Israeli PM reconciles foreign minister, spymaster
JERUSALEM (Reuters) - Prime Minister Benjamin Netanyahu summoned Israel's top diplomat and spymaster Sunday to end a power-struggle that harmed cooperation between their agencies, a government official said.
The official gave no details of the feud between Foreign Minister Avigdor Lieberman and Mossad director Tamir Pardo, which local media said began last week over their respective roles in handling Israel's contacts abroad.
"There was a trilateral meeting today," the official said. "Points of contention were resolved. Normal cooperation has resumed."
Israel Radio said Lieberman had suspended logistical assistance and information-sharing with the Mossad, arguing that the overseas intelligence service had "interfered in, and circumvented, his realm of responsibility."
According to Israel's Channel Two television, Lieberman was upset when the Mossad arranged a 2010 visit by Netanyahu to Greece that had been held up by a wage strike at the Foreign Ministry.
The Mossad maintains secret channels of communication with foreign counterparts -- including, Israeli sources say, intelligence agencies of some countries that do not formally recognize the Jewish state.
Lieberman, a far-rightist within Netanyahu's conservative coalition, often clashes publicly with the prime minister on policy and has been sidelined in talks with key foreign allies.
Tamir is close to Netanyahu, a friendship established while serving under his elder brother, Yonatan, who was killed leading the 1976 rescue of airline hostages in Entebbe, Uganda.
A veteran Mossad officer, David Meidan, led last month's Egyptian-mediated prisoner exchange with Palestinian Hamas.

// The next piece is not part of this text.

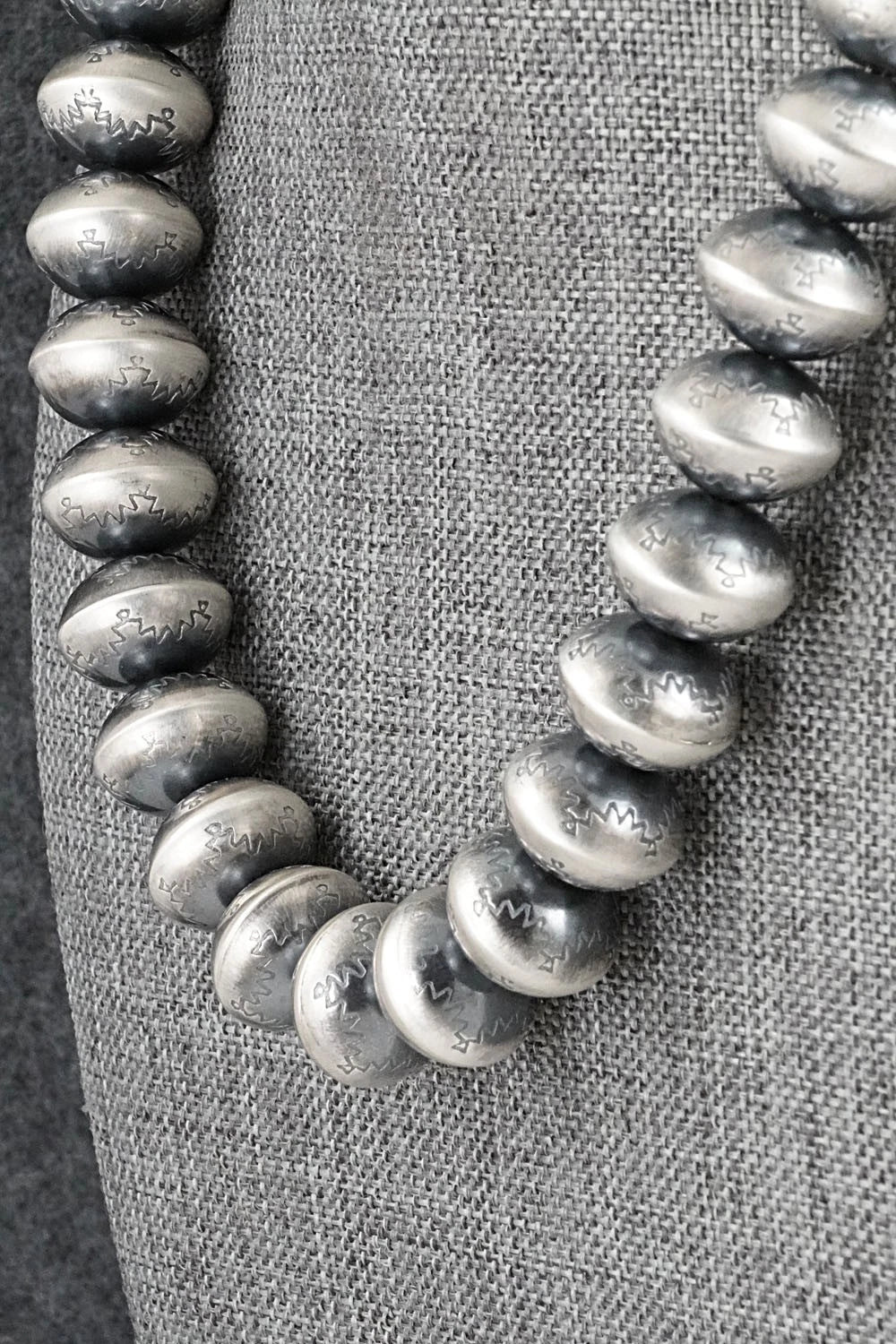 Sterling Silver Navajo Pearl Necklace 26" - Dorinda Mariano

Lieberman opposed the swap but his ministry had little sway, especially as Israel had shut down its Cairo embassy after the mission was overrun by protesters in September.
The exchange brokered by Meidan also involved Turkey, which took in some of the hundreds of freed Palestinian prisoners, and which has otherwise shunned the Netanyahu government over Israel's killing of nine Turks aboard an activist ship that tried to breach the Gaza blockade in 2010.